Inflação acima dos 10% e renda média do trabalhador reduzida

Publicado em 24 de setembro de 2021

Mais uma vez o Índice Nacional de Preços ao Consumidor Amplo 15 (IPCA-15), que mede a inflação, teve alta e registrou crescimento de 1,14% em setembro, segundo o IBGE. A taxa é a maior para este período desde 1994. No acumulado dos últimos 12 meses, a inflação já soma 10,05%. Já a renda média do trabalho recua, com desemprego, informalidade e salários mais baixos, e é a menor desde 2017.

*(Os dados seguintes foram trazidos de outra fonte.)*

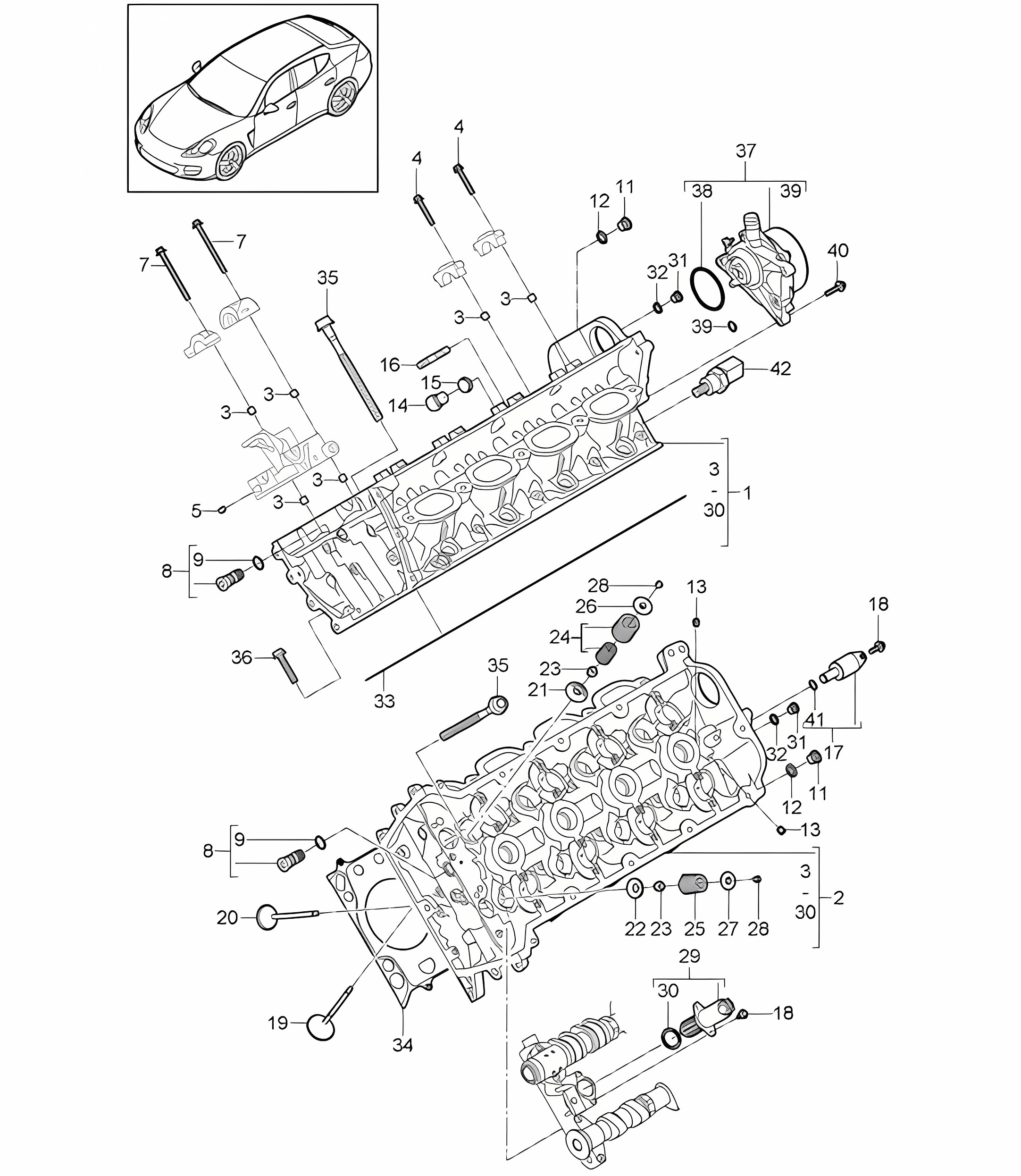 Cylinder head / Vacuum pump (Model: 4820,4840, 4870,CXPA, CXRA,CXR, CWBA,CWB, CWCA,CWC) Panamera 970 (G1) 4.8L 2010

Essa alta da inflação se deve ao aumento de preços dos alimentos, dos combustíveis e da energia elétrica. Só a gasolina subiu 2,85% e acumula 39,05% nos últimos 12 meses. Fruto da política adotada pelo presidente Jair Bolsonaro e seu ministro da Economia, Paulo Guedes.

Enio fala de inflação e renda média
Enio Verri vai falar do tema inflação na CFT

O deputado federal Enio Verri (PT-PR) destaca que não há como conciliar inflação com o cenário de desemprego e crescimento da pobreza no Brasil. “Infelizmente, os dados da economia apontam, que nos últimos 12 meses, a inflação ultrapassou os 10%. O que deixa a todos nós indignados. Ao mesmo tempo em que o desemprego assola o país, que a miséria aponta em todos os lados, o auxílio emergencial não passa da casa de R$ 300, como conviver com essa inflação?”, apontou o parlamentar.

A alta dos combustíveis é resultado da política de dolarização dos preços mesmo a produção sendo nacional. Assim como, a alta do grupo alimentos. Bolsonaro e Guedes simplesmente ignoram o setor produtivo e abandonaram políticas de incentivo à agricultura familiar, nem se preocuparam em criar estoques de alimentos no país, para impedir a disparada dos preços.

Além disso, segundo o IBGE, pela alta da conta de luz, que ficou em média 3,61% mais cara. Desde 1º de setembro, está valendo a bandeira tarifária de escassez hídrica, que custa R$ 14,20 para 100 kWh.

Queda da renda média

Desemprego elevado, aumento do trabalho por conta própria e subocupação recorde têm reduzido o rendimento médio dos brasileiros e atingiu o valor mais baixo desde 2017. O que tem dificultado o orçamento das famílias.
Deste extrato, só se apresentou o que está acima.